Legislators in Olympia had been rushing to pass the deal, announced Tuesday, which would overhaul a controversial law that forces prosecutors to prove the officers acted with malice — a hurdle no other state has.

It passed unanimously out of the House Public Safety Committee in the morning. By late afternoon, though, some lawmakers were questioning the legality of process they planned, and an expected evening floor vote was scrapped.

The measure, Initiative 940, was initially proposed by activists outraged over questionable police shootings in Washington and across the country. They gathered enough signatures to pose it as an initiative to the Legislature.

Under the state Constitution, there are three ways the Legislature can respond to such an initiative: approve it as-is, in which case it becomes law; reject or ignore it, in which case it goes to the ballot the following November; or propose an alternative, which must appear alongside the original initiative on the ballot.

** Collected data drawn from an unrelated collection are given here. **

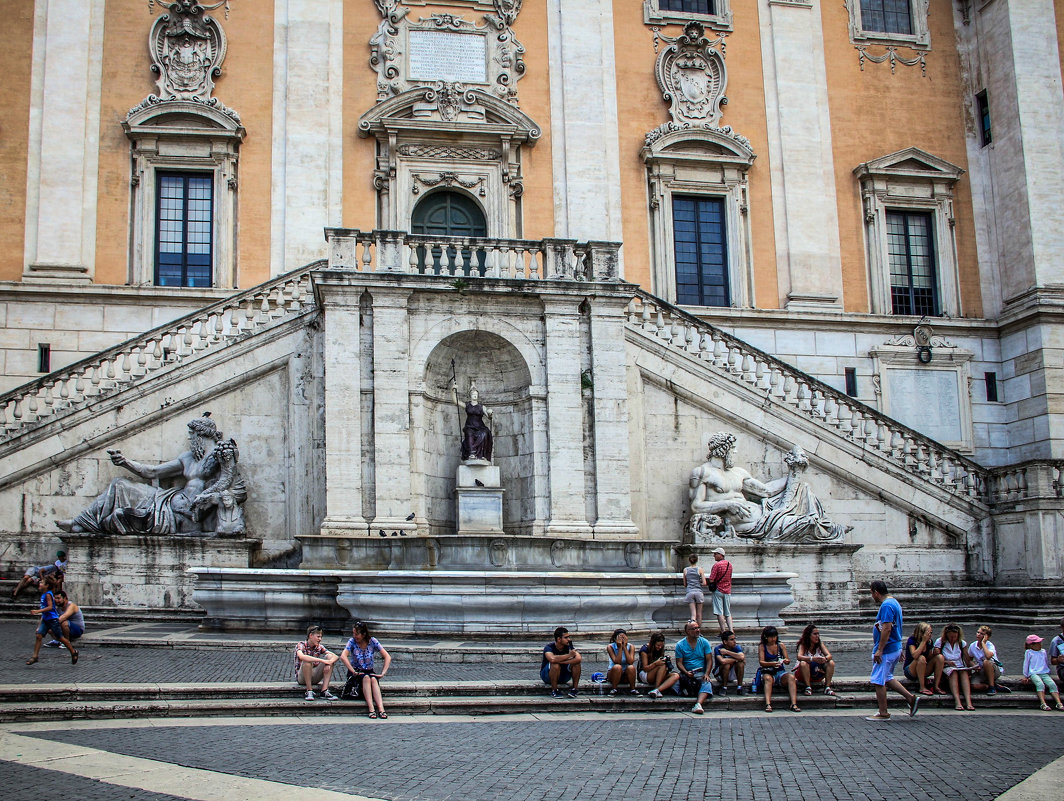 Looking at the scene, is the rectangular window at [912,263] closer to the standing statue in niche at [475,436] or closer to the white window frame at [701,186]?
the white window frame at [701,186]

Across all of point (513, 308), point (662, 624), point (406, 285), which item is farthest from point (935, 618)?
point (406, 285)

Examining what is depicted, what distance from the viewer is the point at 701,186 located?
2898cm

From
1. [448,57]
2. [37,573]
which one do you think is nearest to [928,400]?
[448,57]

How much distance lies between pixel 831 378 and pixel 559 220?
7.97 meters

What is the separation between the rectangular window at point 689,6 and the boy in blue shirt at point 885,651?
70.3 feet

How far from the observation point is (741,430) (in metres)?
22.9

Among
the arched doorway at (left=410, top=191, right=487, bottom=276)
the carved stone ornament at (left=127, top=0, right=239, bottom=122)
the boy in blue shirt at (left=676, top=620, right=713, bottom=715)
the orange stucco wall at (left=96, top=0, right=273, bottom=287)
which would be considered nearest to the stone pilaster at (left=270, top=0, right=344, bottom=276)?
the orange stucco wall at (left=96, top=0, right=273, bottom=287)

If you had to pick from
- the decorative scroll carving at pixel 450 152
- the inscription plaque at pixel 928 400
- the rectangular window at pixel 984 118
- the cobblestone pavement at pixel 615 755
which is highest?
the rectangular window at pixel 984 118

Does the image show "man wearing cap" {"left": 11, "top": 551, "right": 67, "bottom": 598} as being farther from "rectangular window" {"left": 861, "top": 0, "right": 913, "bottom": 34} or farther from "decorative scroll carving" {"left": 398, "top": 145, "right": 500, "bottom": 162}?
"rectangular window" {"left": 861, "top": 0, "right": 913, "bottom": 34}

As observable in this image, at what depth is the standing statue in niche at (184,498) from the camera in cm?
1958

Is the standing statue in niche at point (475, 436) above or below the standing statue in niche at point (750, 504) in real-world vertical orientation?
above

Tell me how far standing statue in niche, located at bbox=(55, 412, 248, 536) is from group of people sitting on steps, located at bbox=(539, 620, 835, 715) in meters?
8.84

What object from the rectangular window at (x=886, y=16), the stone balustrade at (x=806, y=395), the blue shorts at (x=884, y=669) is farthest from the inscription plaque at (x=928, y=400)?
the blue shorts at (x=884, y=669)

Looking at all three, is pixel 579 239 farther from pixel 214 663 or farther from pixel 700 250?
pixel 214 663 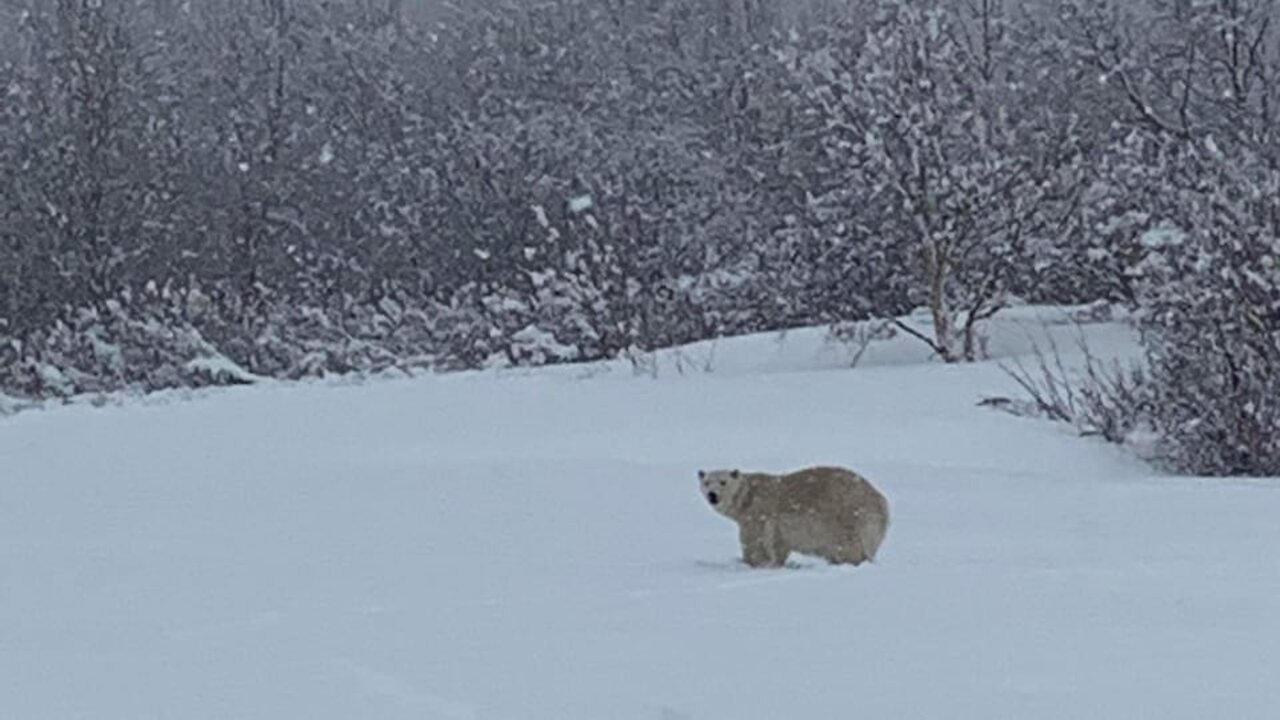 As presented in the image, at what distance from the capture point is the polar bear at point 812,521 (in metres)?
5.46

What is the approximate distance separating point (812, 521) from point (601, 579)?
30.8 inches

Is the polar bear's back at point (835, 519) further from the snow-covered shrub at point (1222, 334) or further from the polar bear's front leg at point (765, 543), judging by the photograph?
the snow-covered shrub at point (1222, 334)

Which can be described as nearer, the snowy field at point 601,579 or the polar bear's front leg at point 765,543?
the snowy field at point 601,579

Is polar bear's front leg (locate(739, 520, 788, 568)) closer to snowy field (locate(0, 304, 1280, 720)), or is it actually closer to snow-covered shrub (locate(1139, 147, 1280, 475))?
snowy field (locate(0, 304, 1280, 720))

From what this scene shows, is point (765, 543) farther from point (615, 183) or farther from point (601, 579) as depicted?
point (615, 183)

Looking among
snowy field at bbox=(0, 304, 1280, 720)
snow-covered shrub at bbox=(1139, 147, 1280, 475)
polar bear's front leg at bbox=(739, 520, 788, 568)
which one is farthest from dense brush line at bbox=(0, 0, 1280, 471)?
polar bear's front leg at bbox=(739, 520, 788, 568)

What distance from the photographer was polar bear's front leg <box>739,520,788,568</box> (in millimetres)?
5480


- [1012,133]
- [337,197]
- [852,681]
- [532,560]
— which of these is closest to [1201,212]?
[1012,133]

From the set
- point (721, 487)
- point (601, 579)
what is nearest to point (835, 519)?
point (721, 487)

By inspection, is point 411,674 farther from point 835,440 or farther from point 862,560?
point 835,440

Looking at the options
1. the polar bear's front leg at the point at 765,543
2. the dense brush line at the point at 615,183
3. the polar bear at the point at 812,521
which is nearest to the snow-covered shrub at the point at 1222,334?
the dense brush line at the point at 615,183

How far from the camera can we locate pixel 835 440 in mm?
11164

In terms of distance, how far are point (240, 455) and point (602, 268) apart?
9.46m

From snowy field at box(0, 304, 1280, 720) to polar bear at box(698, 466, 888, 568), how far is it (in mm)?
99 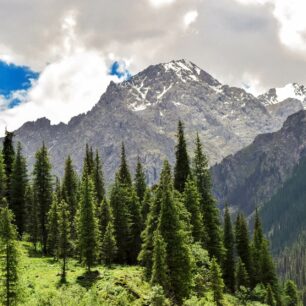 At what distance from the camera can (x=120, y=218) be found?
254 ft

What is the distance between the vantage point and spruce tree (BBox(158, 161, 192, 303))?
51.5 m

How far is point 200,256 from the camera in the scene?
61344 mm

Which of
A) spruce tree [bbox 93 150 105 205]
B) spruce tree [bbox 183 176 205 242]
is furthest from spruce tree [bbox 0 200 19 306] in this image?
spruce tree [bbox 93 150 105 205]

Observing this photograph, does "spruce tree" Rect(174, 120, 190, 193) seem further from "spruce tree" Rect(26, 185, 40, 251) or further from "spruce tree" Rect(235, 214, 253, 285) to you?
"spruce tree" Rect(235, 214, 253, 285)

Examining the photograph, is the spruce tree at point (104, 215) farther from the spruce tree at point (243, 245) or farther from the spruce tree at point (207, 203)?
the spruce tree at point (243, 245)

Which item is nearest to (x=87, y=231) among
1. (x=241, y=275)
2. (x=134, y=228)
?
(x=134, y=228)

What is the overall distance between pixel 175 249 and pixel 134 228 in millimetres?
27281

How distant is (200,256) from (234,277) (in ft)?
96.2

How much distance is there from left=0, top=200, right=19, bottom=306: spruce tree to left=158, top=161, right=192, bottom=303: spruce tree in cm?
1540

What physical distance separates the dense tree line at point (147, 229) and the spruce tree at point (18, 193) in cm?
16

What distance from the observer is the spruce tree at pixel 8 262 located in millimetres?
43219

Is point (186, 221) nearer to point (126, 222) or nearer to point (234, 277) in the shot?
point (126, 222)

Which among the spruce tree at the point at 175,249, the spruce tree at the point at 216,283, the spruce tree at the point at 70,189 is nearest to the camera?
the spruce tree at the point at 175,249

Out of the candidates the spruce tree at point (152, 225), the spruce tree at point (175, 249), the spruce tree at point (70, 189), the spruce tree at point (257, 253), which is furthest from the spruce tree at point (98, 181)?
the spruce tree at point (175, 249) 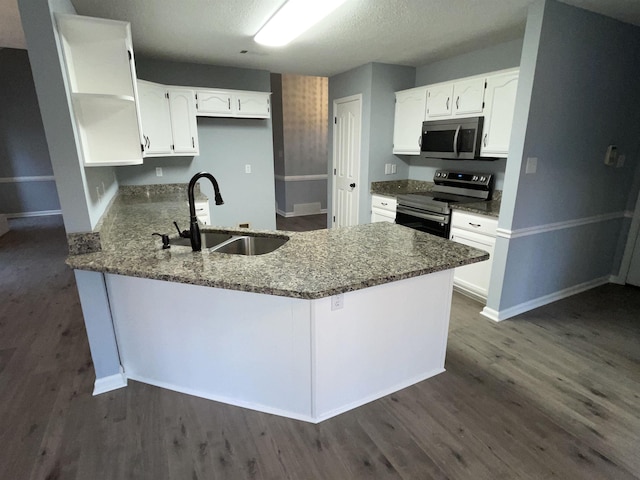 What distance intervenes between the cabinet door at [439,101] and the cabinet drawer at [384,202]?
101 centimetres

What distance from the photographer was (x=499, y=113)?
303cm

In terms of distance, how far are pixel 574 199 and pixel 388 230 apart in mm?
1935

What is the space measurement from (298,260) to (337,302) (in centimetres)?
30

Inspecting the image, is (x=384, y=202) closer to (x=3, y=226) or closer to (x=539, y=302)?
(x=539, y=302)

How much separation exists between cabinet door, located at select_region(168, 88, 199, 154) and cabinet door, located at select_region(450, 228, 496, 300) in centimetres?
307

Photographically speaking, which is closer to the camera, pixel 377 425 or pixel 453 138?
pixel 377 425

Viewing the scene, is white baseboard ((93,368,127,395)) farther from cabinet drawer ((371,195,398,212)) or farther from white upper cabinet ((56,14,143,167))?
cabinet drawer ((371,195,398,212))

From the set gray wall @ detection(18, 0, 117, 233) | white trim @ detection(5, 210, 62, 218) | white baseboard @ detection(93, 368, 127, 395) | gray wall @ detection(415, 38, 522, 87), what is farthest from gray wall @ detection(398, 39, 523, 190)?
white trim @ detection(5, 210, 62, 218)

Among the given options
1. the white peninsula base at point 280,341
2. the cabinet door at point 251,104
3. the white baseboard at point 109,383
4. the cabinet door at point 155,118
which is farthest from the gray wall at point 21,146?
the white peninsula base at point 280,341

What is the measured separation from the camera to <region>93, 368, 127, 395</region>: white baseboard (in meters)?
2.07

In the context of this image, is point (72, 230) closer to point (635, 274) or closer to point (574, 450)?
point (574, 450)

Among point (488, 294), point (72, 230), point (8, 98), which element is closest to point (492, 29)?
point (488, 294)

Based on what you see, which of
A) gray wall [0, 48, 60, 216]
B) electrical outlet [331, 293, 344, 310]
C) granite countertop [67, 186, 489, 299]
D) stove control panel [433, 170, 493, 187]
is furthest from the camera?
gray wall [0, 48, 60, 216]

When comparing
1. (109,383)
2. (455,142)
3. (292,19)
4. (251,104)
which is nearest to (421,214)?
(455,142) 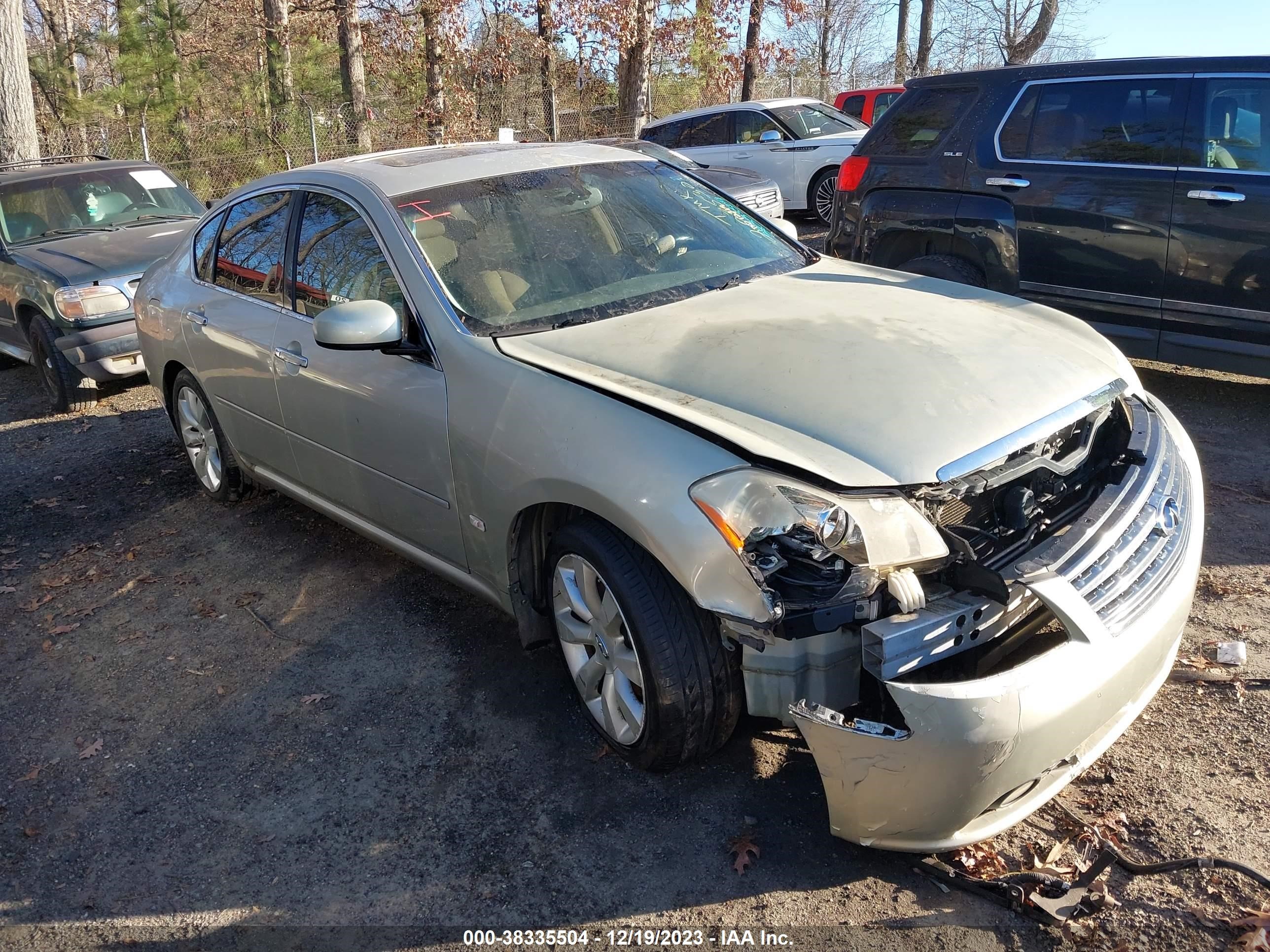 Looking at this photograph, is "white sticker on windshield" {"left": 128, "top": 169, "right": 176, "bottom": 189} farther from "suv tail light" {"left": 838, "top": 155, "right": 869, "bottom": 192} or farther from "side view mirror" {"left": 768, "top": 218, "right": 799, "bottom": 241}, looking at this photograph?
"side view mirror" {"left": 768, "top": 218, "right": 799, "bottom": 241}

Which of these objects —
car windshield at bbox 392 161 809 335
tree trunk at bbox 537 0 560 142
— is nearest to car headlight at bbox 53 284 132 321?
car windshield at bbox 392 161 809 335

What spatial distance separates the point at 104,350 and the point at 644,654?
623 centimetres

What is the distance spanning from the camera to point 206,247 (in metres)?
5.17

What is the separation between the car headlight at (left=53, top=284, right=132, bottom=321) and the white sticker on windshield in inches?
79.7

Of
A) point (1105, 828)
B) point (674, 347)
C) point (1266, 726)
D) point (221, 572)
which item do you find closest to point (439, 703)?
point (674, 347)

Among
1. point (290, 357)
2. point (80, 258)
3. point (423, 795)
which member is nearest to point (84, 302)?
point (80, 258)

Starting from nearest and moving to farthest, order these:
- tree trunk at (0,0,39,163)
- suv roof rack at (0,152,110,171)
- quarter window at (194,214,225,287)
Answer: quarter window at (194,214,225,287) < suv roof rack at (0,152,110,171) < tree trunk at (0,0,39,163)

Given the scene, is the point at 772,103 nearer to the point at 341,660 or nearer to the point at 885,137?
the point at 885,137

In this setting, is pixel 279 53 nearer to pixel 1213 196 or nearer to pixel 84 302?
pixel 84 302

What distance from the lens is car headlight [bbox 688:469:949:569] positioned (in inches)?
98.7

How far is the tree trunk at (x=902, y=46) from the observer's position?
1119 inches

According to a 1971 analysis by the state Attorney General's Office, any changes made to an initiative constitute an alternative proposal that must be sent to voters.

The compromise on I-940 was designed to keep it off the ballot, thus avoiding a costly and potentially divisive campaign. The activists with De-escalate Washington who proposed the initiative agreed to make some changes to it to win the support of law enforcement groups, who said they wanted to ensure the measure protects police who make honest mistakes.

Not every police group in the state backed the bill, but the Fraternal Order of Police, an influential union of front-line law enforcement officers, and other powerful police organizations are supporting it.

"Even though it isn't perfect, it is a great outcome," said Steve Strachan, executive director of the Washington Association of Sheriffs and Police Chiefs.

In an apparent attempt to satisfy the Constitution's requirements, the sponsors of the compromise bill, Reps. Roger Goodman, D-Kirkland, and Dave Hayes, R-Stanwood, came up with an unusual plan: The Legislature would pass I-940 as is, and also pass the compromise bill, which would replace the initiative upon passage.

"We are not proposing an alternative to the initiative," he said. "We are proposing a measure that would amend it after it is enacted by the Legislature."

But the attorney general's 1971 opinion appears to have closely addressed that scenario.

"Any such 'corrective' legislation would constitute an alternative proposal which would have to be submitted to the voters along with the original initiative itself," the opinion said.

Neither Goodman nor Lisa Daugaard, a member of the De-escalate Washington leadership team, immediately returned messages seeking comment.

Republican Sen. Mike Padden, of Spokane Valley, said Tuesday that it was encouraging that the sides had reached a compromise, but the legality of the procedure was "up in the air."

Seattle Democratic Sen. Jamie Pedersen said that if both the original initiative and the compromise have to appear on the general election ballot, it's bad news for the supporters.

"The grand bargain is in a lot of trouble," he said. "They have to run a campaign. They have to raise a bunch of money, and both of them might go down. It's all downside for us to move forward."